#### EXERCISE PROMPT:
Each record below should appear again exactly as written.

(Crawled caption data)

<<<<

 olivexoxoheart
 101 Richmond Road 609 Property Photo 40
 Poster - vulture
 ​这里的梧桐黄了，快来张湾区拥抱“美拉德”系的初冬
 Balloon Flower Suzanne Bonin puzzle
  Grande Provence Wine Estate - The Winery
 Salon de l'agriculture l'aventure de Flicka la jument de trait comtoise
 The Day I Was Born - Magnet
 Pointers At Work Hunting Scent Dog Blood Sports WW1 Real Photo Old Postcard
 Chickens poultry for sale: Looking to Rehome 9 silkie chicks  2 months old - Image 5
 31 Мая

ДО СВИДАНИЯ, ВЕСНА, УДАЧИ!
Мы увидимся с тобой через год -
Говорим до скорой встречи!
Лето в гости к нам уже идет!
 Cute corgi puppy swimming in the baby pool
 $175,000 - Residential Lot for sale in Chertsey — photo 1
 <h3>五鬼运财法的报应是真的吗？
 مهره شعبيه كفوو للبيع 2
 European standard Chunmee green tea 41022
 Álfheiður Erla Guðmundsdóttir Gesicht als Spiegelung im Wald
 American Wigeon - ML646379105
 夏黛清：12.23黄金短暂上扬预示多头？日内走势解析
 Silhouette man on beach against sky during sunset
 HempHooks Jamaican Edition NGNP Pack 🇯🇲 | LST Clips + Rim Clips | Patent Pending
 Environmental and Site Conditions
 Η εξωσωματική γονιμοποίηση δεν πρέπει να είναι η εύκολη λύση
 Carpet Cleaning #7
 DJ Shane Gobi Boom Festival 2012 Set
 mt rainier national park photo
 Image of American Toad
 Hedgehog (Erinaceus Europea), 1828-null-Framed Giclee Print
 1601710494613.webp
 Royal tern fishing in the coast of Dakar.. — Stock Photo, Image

>>>>

#### OUTPUT OF THE EXERCISE:
 olivexoxoheart
 101 Richmond Road 609 Property Photo 40
 Poster - vulture
 ​这里的梧桐黄了，快来张湾区拥抱“美拉德”系的初冬
 Balloon Flower Suzanne Bonin puzzle
  Grande Provence Wine Estate - The Winery
 Salon de l'agriculture l'aventure de Flicka la jument de trait comtoise
 The Day I Was Born - Magnet
 Pointers At Work Hunting Scent Dog Blood Sports WW1 Real Photo Old Postcard
 Chickens poultry for sale: Looking to Rehome 9 silkie chicks  2 months old - Image 5
 31 Мая

ДО СВИДАНИЯ, ВЕСНА, УДАЧИ!
Мы увидимся с тобой через год -
Говорим до скорой встречи!
Лето в гости к нам уже идет!
 Cute corgi puppy swimming in the baby pool
 $175,000 - Residential Lot for sale in Chertsey — photo 1
 <h3>五鬼运财法的报应是真的吗？
 مهره شعبيه كفوو للبيع 2
 European standard Chunmee green tea 41022
 Álfheiður Erla Guðmundsdóttir Gesicht als Spiegelung im Wald
 American Wigeon - ML646379105
 夏黛清：12.23黄金短暂上扬预示多头？日内走势解析
 Silhouette man on beach against sky during sunset
 HempHooks Jamaican Edition NGNP Pack 🇯🇲 | LST Clips + Rim Clips | Patent Pending
 Environmental and Site Conditions
 Η εξωσωματική γονιμοποίηση δεν πρέπει να είναι η εύκολη λύση
 Carpet Cleaning #7
 DJ Shane Gobi Boom Festival 2012 Set
 mt rainier national park photo
 Image of American Toad
 Hedgehog (Erinaceus Europea), 1828-null-Framed Giclee Print
 1601710494613.webp
 Royal tern fishing in the coast of Dakar.. — Stock Photo, Image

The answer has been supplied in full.